FIG. 12 illustrates the relationship between texture cells A, B, C, D and a conventional box filter F2. As the drawing shows, the conventional box filter F2 is a rectangular area defined as equal in size to the texture cells A, B, C, D. A color value, or data representing color. is defined for each of the texture cells A, B, C, D. Texture mapping utilizes the color values of the texture cells to determine the color values of each of the corresponding pixels.
In other words, for each of the texture cells A, B, C, D which overlap the box filter F2, the color values are blended in proportion to the area of overlap. This becomes the color value of the area which corresponds to the box filter F2, and is mapped on the pixels. For instance, if the box filter F2 is astride equal areas of black and white, the color value for the area of the box filter F2 becomes grey.
Of the four texture cells A, B. C, D which overlap the box filter F2 in the example illustrated in FIG. 12, the one with the greatest area of overlap is the texture cell C. This means that it is the color value of the texture cell C which will be reflected most prominently in the color value of the box filter F2.
Interpolation by means of a box filter in this manner is applied to the whole area or to the edge section of a texture cell by gradually increasing the x and y coordinates of the interpolation area. Thus, the color of adjoining sections of texture cells of the same color remains unchanged, while adjoining edge sections where the color is different are subject to gradation. As a result, color changes in the edge sections become smoother, and the jaggy appearance is reduced. The reason for adopting an integer-type box-shaped boundary when determining the targets of interpolation is that it is difficult for a computer, which depends on binary data (1 or 0), to calculate non-integer-type boundary shapes such as curved lines.

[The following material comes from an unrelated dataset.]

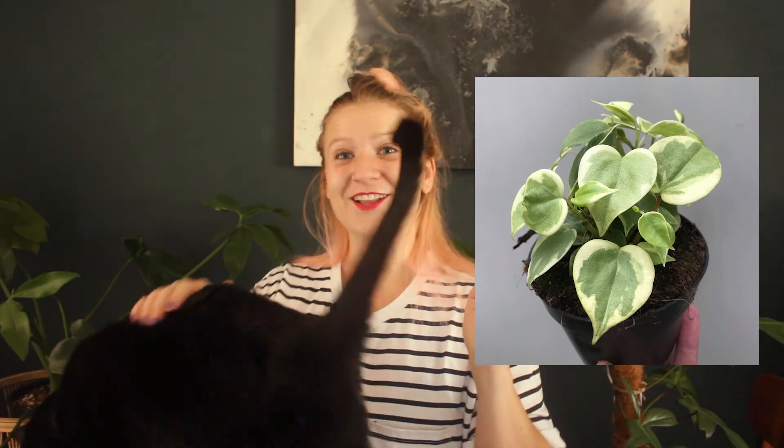Then we have Peperomia scandens or Peperomia serpens — I think it's the same plant with different names, synonyms. These are super, super pretty. They have a similar look to a Dischidia — tiny little hearts. So if you're a Peperomia person, this is a lovely plant for you.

Interpolation makes it possible to prevent obvious jagginess, but where the magnification ratio increases for textures with well-defined lightness and darkness, it works beyond what is required. The result is that the edges of the texture image become too fuzzy, and this needs to be rectified.
In other words, the size of the box filter has conventionally been determined on the basis of the texture cell. This means that box filters which are applied to sections where the texture cells are considerably magnified in relation to the pixels are also magnified, and the extent of the fuzziness increases in proportion to the size of the box filter, For example, FIG. 14 demonstrates the results of conventional mapping of the texture illustrated in the preceding FIG. 13. The areas of intermediate color in FIG. 14 represent the extent of the fuzziness resulting from interpolation. At the back (the top in FIG. 14), where the magnification ratio is small, box filter size is small and therefore the extent of the fuzziness is not obvious This is not true, however, at the front (the bottom in FIG. 14), where the extent of the fuzziness determined by the box filter increases with the texture cell and becomes very obvious.
Thus, there has hitherto been a problem in that the edges (color boundaries) of texture with well-defined lightness and darkness have been excessively fuzzy where the magnification ratio was greatest, thus spoiling the image, For this reason it has been necessary to prepare texture data without excessive fuzziness for use in magnified display, with consequent problems of software and increased data area.